Task directions
Below are some records. Write out exactly their lines from the one with "Толстовка-худи мужская Among" through the one with "Căn hộ 2PN Akari - Ấm cúng và thoáng đãng", and leave the pictures behind.
BEGIN Available data
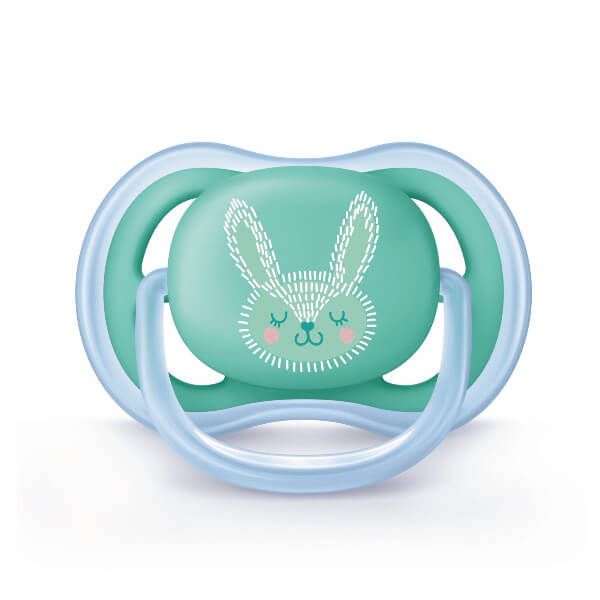 Пустышка Philips Avent серии Ultra Air Design Ёжик 6-18 мес., 2 шт. SCF344/22 фото №2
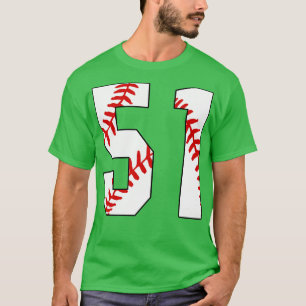 Baseball Number 51 51 Baseball  Jersey Favourite P T-Shirt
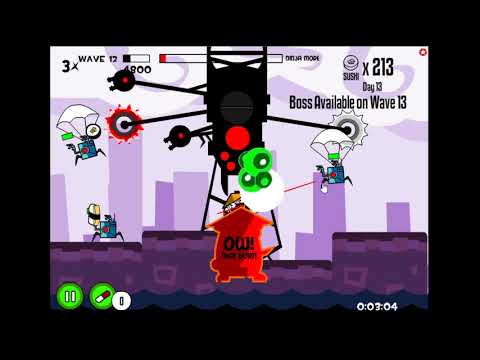 Ninja Hamster vs robot Part 2  ( Jeux Flash / Flash Game )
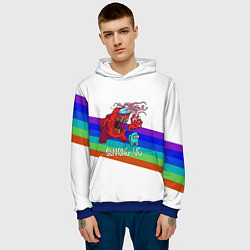 Толстовка-худи мужская Among us colors line монстр, цвет: 3D-синий — фото 2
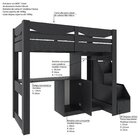 Cama Infantil 1 Escrivaninha E 2 Armários 5 Portas Stella Yes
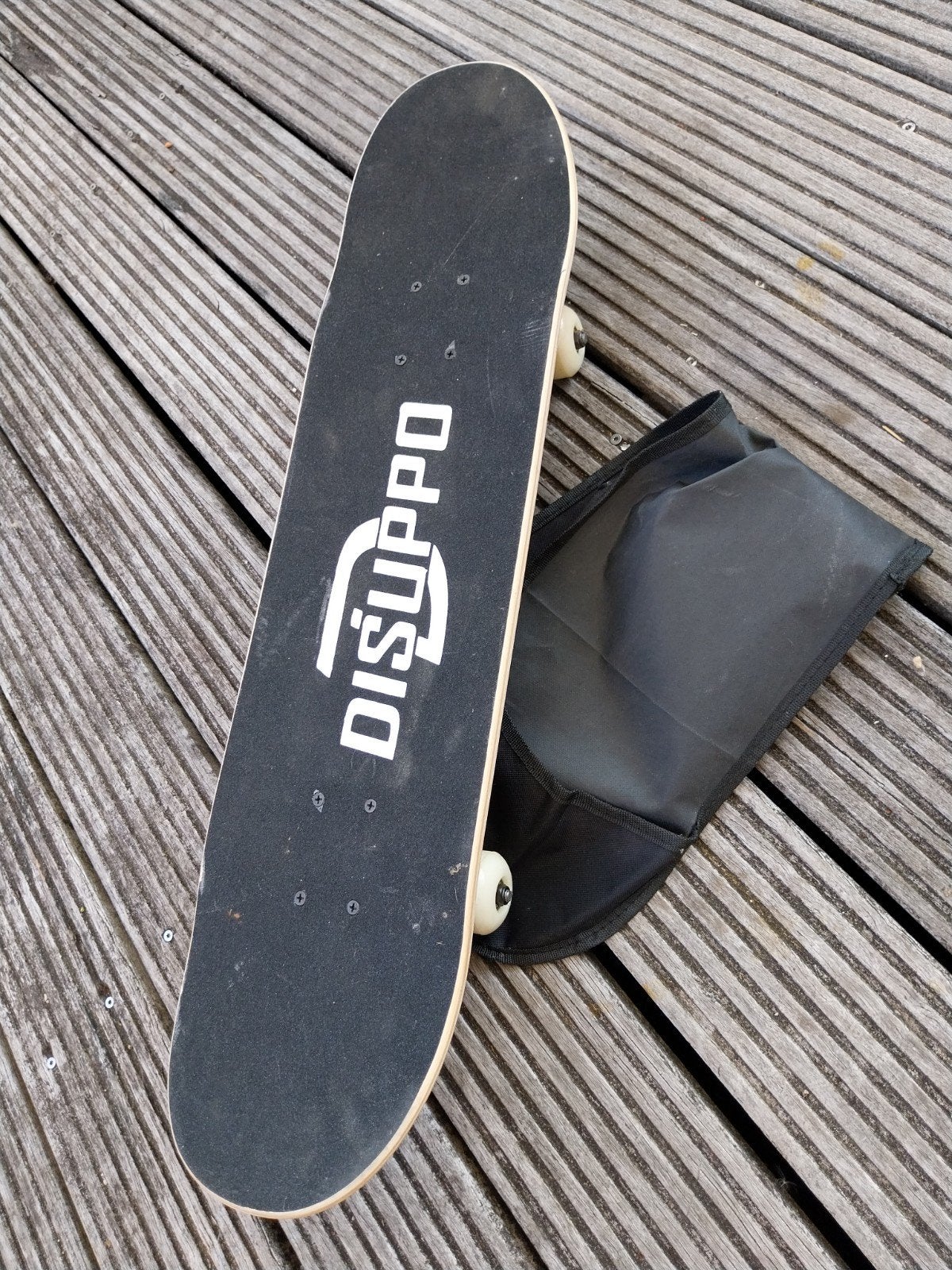 DISUPPO Skateboard met draagtas - Zo goed als nieuw, Ophalen, Zo goed als nieuw, Skateboard
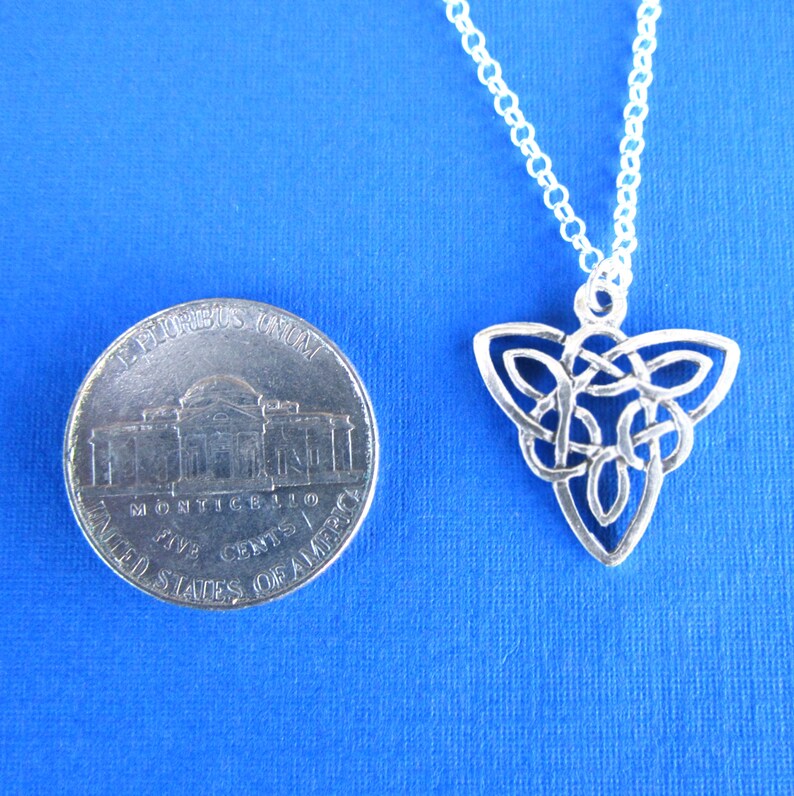 Trinity Knot Necklace Unique Celtic Necklace .925 Sterling Etsy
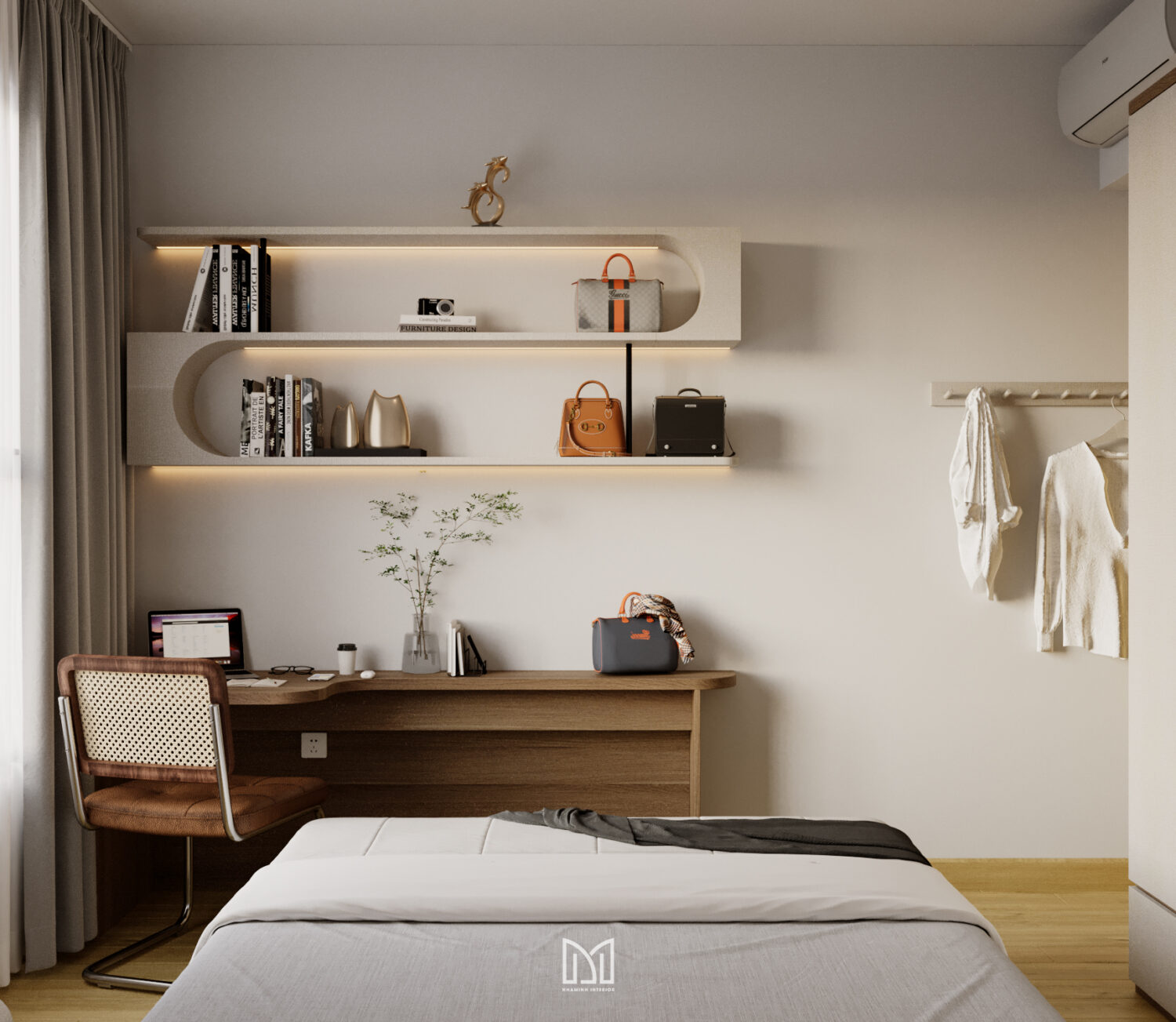 Căn hộ 2PN Akari - Ấm cúng và thoáng đãng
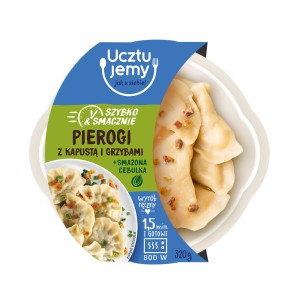 GASTRONOM PIEROGI Z KAPUSTĄ I GRZYBAMI Z OKRASĄ 300G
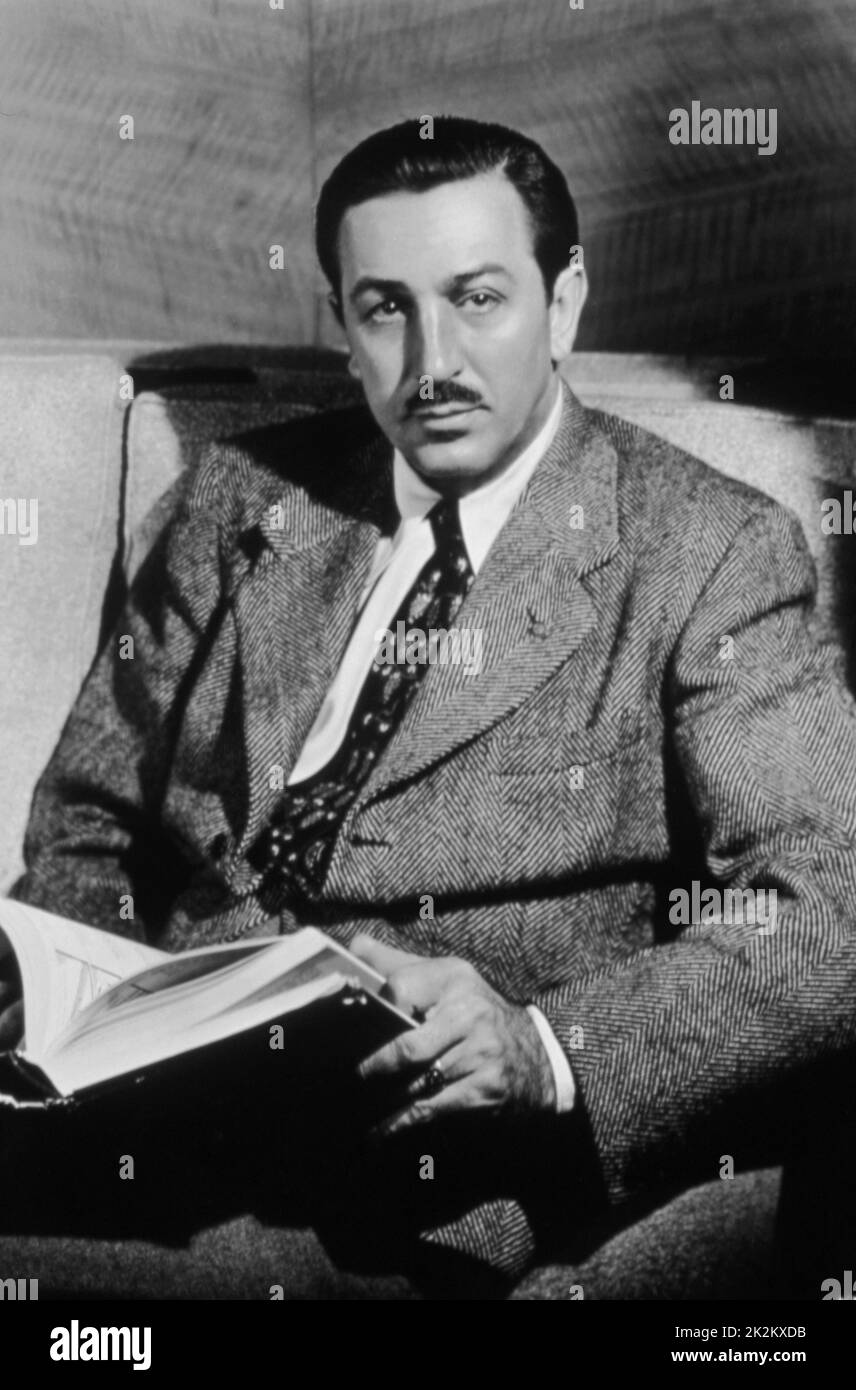 American animator and producer Walt Disney Ca 1946 Stock Photo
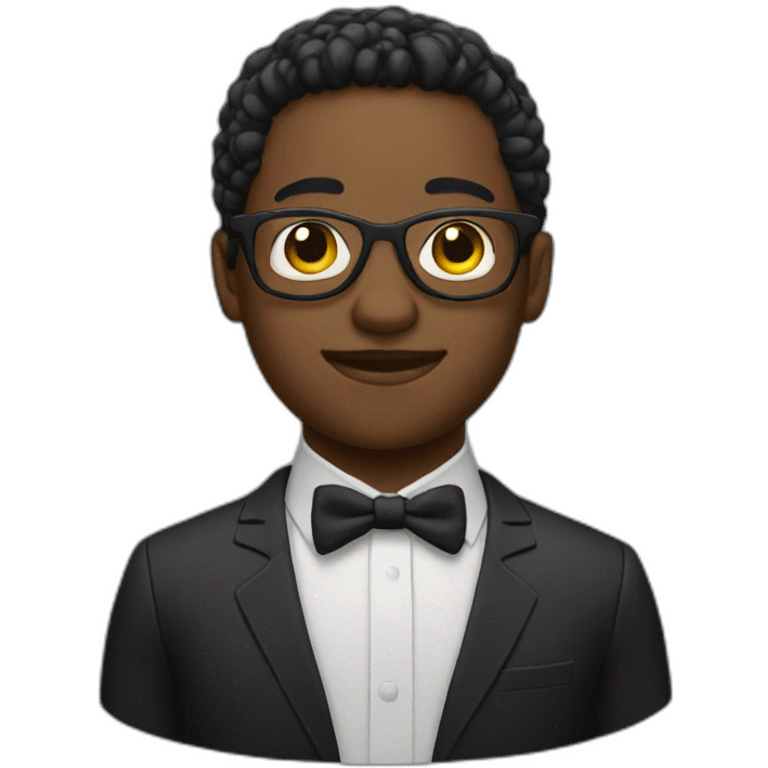 black nerd emoji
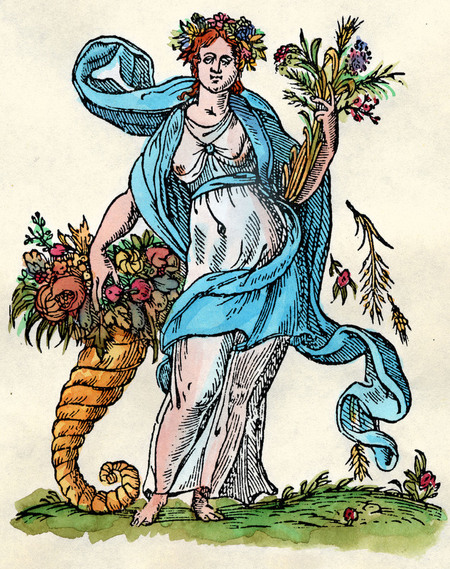 ALLEGORIA DELL ABBONDANZA ALLEGORIA DELL ABBONDANZA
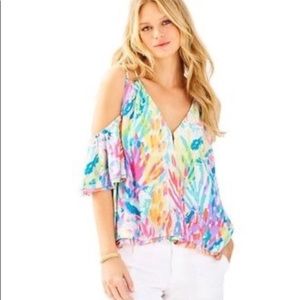 Lilly Pulitzer Sparkling Sands Bellamie Top XXS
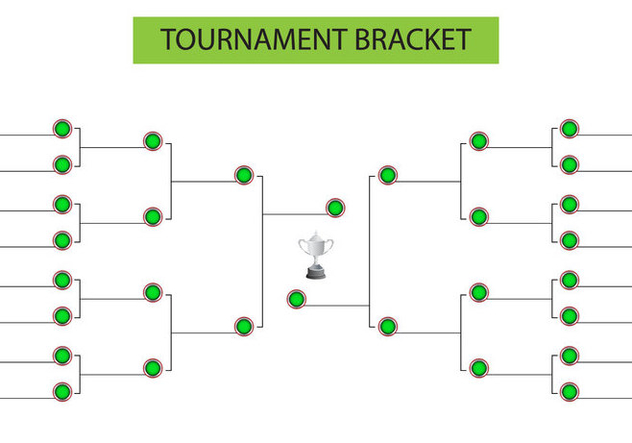 Tournament Bracket Blank Template Vector - Kostenloses vector #439645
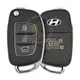 Genuine Hyundai Flip Key Remote P/N: 95430 A0100 433MHz 3 Buttons Frequency 433MHz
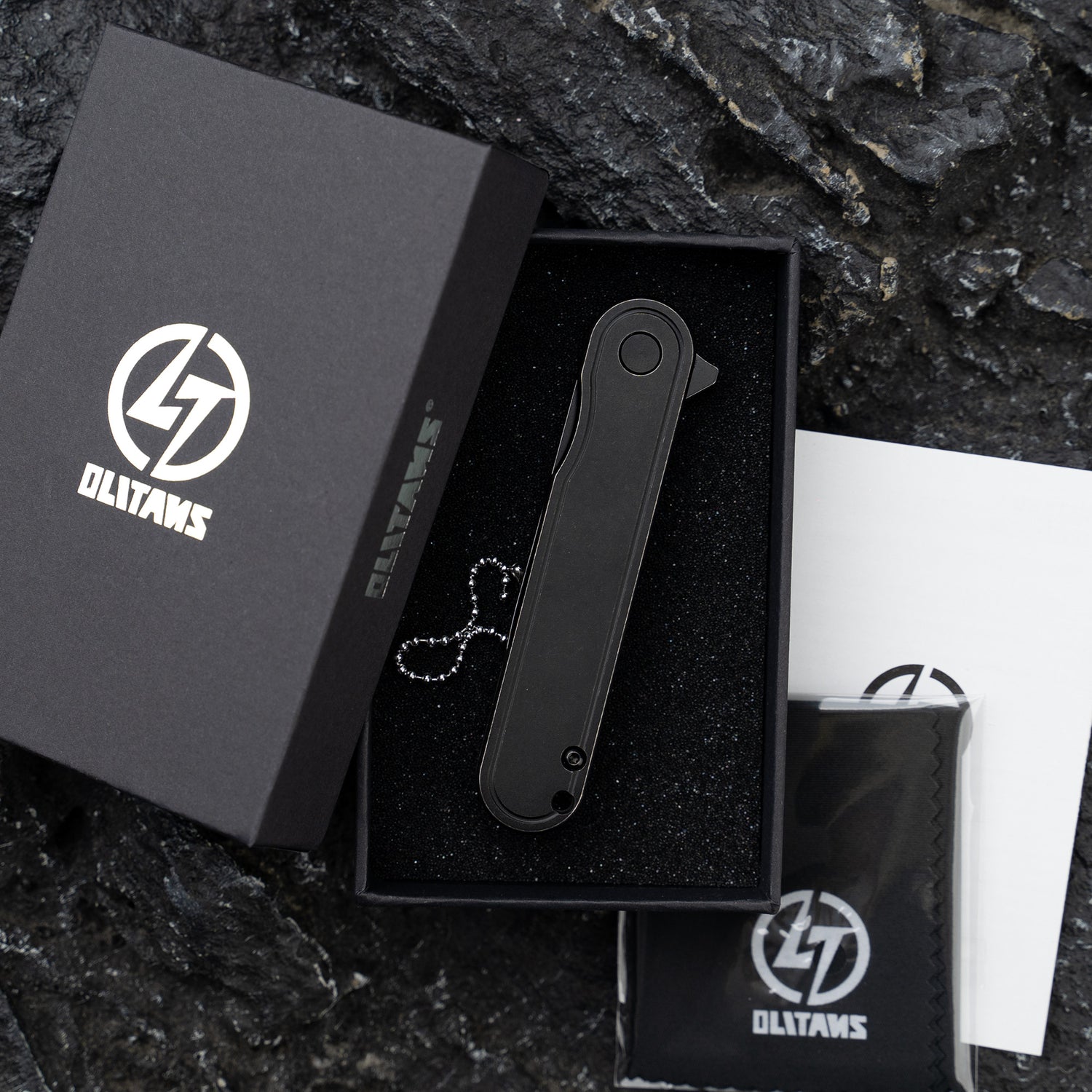 Rocket Pocket Knife（2.76'' D2 Blade+Titanium）Secure Frame Lock-Flipper-T025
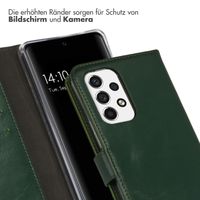 Selencia Echtleder Klapphülle Samsung Galaxy A53 - Grün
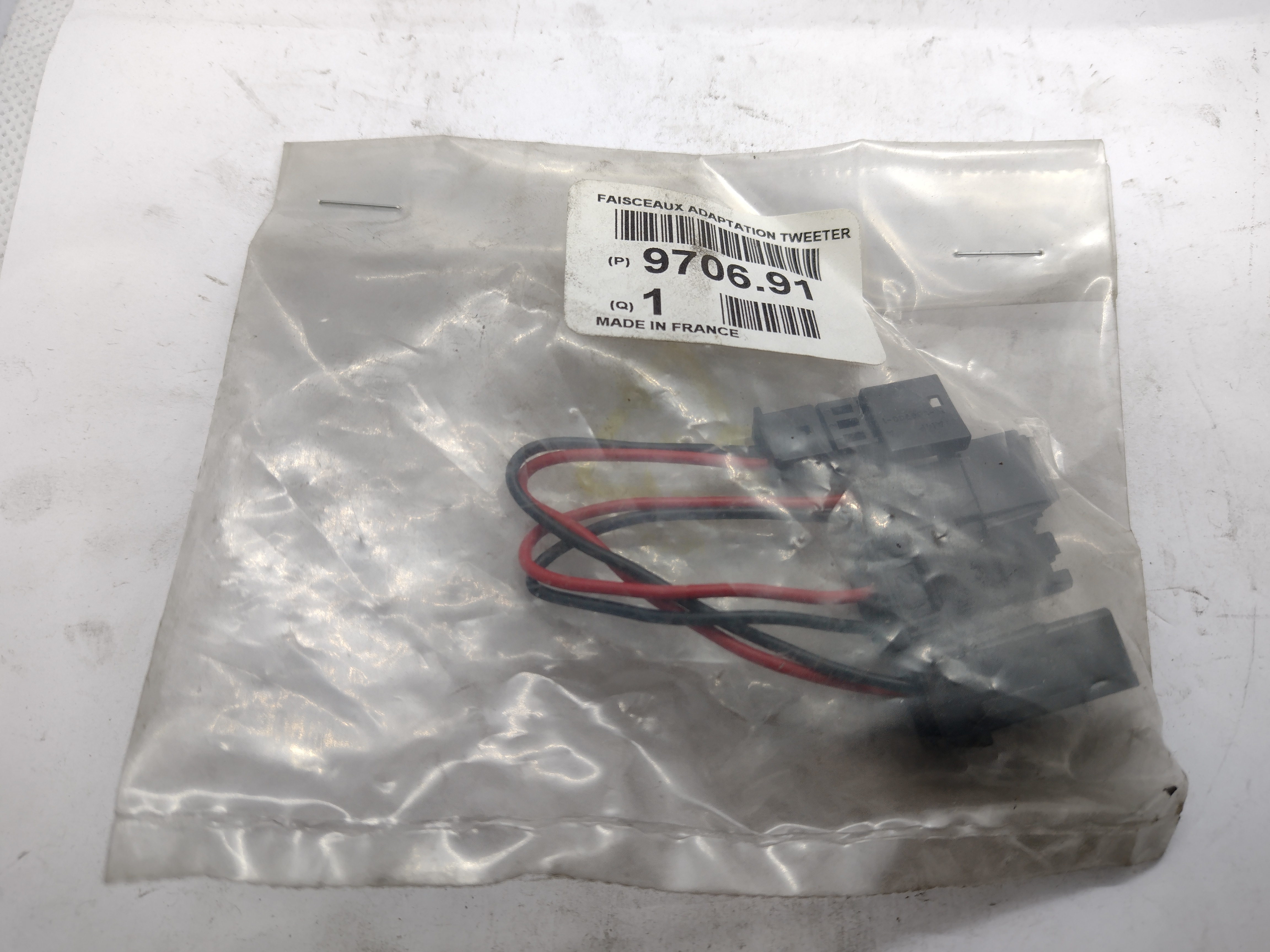 Peugeot / Citroen Lautsprecher Adapterkabel 970691 NEU NOS NEW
END Available data
Reply
 Толстовка-худи мужская Among us colors line монстр, цвет: 3D-синий — фото 2
 Cama Infantil 1 Escrivaninha E 2 Armários 5 Portas Stella Yes
 DISUPPO Skateboard met draagtas - Zo goed als nieuw, Ophalen, Zo goed als nieuw, Skateboard
 Trinity Knot Necklace Unique Celtic Necklace .925 Sterling Etsy
 Căn hộ 2PN Akari - Ấm cúng và thoáng đãng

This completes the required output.